Department of Ecology and Evolutionary Biology, University of Arizona, Tucson, AZ 85721
Background/Question/Methods In many mutualisms, one or both species consume resources provided by their partner. For instance, many plants produce nutrients that feed mycorrhizal fungi, fleshy fruits that feed seed dispersing animals, and nectars that feed pollinating and defending animals. Crucially, the resource pool provided by one partner will vary through time as mutualists forage and as resource availability evolves via natural selection over many generations of interactions. How do ecological conditions shape natural selection on traits such as floral nectar volume that determine the supply of resources, and how in turn does resource trait evolution shape the contemporary ecology of mutualistic interactions? To explore these questions, we combine evolutionary trait dynamics and ecological population dynamics in a biologically-explicit model of a nectar-producing plant species interacting with a pollinator species and an herbivore species. In this talk, we address how this theoretical framework generates predictions regarding three key questions in mutualism ecology: 1) How does resource trait evolution shape the population dynamics of the interacting species? 2) How do ecological factors such as pathogens or abiotic nutrient availability affect the evolution of resource traits? And 3) how does the evolution of a mutualistic interaction affect one partner’s interaction with an antagonistic species?

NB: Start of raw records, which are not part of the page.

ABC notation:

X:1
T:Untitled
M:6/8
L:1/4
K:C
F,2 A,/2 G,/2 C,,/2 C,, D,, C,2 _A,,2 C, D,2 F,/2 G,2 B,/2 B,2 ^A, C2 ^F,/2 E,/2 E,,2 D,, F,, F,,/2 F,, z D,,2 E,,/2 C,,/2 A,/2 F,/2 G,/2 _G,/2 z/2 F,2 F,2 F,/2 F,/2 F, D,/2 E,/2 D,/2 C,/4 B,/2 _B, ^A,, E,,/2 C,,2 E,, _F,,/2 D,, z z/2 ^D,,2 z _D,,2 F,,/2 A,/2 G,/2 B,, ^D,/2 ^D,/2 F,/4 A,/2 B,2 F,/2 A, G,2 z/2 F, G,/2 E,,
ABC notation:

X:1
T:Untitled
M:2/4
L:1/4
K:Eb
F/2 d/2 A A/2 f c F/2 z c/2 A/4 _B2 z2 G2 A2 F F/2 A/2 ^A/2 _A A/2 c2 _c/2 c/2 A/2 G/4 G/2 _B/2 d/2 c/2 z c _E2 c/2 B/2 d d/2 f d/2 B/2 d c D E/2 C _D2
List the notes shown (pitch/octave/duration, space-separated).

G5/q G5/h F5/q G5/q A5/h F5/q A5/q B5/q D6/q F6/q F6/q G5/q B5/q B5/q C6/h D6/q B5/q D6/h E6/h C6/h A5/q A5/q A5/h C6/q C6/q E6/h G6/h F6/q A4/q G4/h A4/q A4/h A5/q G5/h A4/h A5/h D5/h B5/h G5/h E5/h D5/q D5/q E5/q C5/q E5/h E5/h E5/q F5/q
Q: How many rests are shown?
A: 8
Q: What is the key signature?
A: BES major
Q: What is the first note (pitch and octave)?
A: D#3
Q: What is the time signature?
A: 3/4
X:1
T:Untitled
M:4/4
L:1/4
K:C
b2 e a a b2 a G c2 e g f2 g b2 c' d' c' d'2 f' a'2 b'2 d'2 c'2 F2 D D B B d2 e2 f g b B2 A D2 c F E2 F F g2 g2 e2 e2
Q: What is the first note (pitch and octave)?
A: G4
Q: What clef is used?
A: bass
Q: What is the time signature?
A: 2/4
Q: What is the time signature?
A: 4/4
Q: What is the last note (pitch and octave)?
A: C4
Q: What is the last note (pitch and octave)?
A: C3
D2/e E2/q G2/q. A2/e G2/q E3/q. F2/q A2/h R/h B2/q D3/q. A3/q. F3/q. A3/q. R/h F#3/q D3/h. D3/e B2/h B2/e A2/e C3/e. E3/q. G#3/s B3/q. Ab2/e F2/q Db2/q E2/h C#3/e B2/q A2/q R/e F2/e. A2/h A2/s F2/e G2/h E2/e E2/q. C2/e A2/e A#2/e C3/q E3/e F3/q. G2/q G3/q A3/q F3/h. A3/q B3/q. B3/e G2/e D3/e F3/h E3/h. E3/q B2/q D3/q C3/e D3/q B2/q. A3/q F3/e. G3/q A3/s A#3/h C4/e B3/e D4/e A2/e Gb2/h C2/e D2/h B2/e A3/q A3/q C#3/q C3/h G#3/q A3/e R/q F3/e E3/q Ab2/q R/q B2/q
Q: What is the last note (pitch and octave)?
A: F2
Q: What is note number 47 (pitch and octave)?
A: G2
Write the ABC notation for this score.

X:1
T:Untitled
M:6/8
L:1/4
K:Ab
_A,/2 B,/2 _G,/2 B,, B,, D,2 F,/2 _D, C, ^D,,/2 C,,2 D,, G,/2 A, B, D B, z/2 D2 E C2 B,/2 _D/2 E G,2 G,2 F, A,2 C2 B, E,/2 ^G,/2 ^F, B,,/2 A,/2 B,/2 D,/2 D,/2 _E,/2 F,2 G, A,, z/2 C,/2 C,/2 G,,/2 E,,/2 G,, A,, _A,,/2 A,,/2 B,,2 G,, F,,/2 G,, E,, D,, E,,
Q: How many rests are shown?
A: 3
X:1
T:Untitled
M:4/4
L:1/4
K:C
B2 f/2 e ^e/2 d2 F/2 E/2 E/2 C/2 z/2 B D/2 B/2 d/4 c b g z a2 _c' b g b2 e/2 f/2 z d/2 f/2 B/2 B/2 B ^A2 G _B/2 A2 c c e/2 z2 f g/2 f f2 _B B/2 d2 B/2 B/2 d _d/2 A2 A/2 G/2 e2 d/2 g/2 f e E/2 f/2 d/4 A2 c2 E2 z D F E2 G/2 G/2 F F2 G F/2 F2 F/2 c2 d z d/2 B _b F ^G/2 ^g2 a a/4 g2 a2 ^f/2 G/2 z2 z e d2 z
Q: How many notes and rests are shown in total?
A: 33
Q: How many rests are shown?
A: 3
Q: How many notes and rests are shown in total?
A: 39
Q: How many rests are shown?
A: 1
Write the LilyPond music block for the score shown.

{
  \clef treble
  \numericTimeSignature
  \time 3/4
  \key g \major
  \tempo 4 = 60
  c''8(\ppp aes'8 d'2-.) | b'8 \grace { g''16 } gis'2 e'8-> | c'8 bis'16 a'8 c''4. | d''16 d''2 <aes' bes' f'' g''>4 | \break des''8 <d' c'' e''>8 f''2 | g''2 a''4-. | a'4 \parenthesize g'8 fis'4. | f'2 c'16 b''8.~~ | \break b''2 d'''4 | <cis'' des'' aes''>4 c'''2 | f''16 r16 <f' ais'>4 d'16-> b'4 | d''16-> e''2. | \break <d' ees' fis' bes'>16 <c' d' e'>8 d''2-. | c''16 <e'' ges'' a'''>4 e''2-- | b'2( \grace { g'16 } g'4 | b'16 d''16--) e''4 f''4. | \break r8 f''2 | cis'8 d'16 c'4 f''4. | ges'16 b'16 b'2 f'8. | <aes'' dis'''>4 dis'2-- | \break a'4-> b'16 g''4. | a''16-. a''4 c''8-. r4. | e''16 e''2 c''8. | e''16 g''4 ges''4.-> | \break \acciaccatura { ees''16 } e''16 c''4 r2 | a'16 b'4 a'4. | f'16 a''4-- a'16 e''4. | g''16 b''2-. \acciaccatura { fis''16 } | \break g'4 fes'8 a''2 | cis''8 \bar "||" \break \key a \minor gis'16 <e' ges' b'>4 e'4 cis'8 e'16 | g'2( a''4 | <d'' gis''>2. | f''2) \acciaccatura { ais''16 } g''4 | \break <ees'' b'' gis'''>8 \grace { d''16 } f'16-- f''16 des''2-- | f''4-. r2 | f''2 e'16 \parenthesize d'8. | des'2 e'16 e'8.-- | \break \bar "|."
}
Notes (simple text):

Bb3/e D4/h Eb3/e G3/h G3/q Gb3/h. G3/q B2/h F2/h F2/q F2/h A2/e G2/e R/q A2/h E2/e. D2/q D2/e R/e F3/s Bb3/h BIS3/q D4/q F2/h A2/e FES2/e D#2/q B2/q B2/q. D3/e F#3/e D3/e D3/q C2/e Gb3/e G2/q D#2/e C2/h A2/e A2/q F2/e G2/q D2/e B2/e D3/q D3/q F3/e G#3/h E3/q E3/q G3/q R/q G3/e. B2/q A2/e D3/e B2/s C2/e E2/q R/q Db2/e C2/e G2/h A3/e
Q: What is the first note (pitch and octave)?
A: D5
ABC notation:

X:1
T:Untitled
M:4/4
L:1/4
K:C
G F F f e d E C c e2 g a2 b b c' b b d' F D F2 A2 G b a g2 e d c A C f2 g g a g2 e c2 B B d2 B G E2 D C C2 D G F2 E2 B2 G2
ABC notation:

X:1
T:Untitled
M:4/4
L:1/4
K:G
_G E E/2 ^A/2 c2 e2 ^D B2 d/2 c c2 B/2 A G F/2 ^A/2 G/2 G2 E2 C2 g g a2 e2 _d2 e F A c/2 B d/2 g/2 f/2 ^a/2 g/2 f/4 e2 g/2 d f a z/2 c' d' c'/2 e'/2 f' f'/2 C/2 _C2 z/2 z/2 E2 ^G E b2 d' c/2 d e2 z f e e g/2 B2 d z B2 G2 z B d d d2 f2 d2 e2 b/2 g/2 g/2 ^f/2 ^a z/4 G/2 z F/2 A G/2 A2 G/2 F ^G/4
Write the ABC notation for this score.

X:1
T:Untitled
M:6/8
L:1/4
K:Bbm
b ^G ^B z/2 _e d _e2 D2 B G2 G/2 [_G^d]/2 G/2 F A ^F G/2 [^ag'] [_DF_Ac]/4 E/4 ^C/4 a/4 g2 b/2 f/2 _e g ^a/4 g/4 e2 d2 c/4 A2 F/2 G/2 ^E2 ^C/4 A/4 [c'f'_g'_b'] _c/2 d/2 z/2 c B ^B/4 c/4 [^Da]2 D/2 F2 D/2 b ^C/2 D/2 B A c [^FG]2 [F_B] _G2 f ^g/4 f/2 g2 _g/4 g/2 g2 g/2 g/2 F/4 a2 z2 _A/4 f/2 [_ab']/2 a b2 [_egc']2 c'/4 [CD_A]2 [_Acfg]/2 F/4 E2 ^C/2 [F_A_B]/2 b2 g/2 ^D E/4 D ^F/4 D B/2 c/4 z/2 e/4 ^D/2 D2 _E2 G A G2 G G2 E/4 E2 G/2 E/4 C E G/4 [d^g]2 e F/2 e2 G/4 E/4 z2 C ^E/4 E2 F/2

Results/Conclusions We present three main results emerging from our model that bear on how we study mutualism ecology in the wild. First, allowing nectar dynamics to evolve via selection from pollinators and other sources changes the population dynamics of the plant and pollinator species at the community equilibrium. Empirically, this suggests that studying selection on resource traits provides insight into the current and future ecological dynamics of consumer-resource mutualisms. Second, ecological factors that affect the population growth of either the plant or the pollinator species outside of the mutualism can shape the evolution of mutualistic interactions. This suggests that exploring external ecological factors that affect one or both partner species may be necessary for understanding patterns of mutualistic interactions across ecological gradients and in different types of communities. Third, feedbacks between the ecological and evolutionary dynamics of plant-pollinator interactions can shape the plant’s interaction with an antagonistic herbivore species. This result demonstrates how considering mutualisms between partner species may inform patterns in other types of species interactions. Overall, our model reveals that evolving resource traits help to shape the direct interactions among mutualists as well as their interactions with the broader community.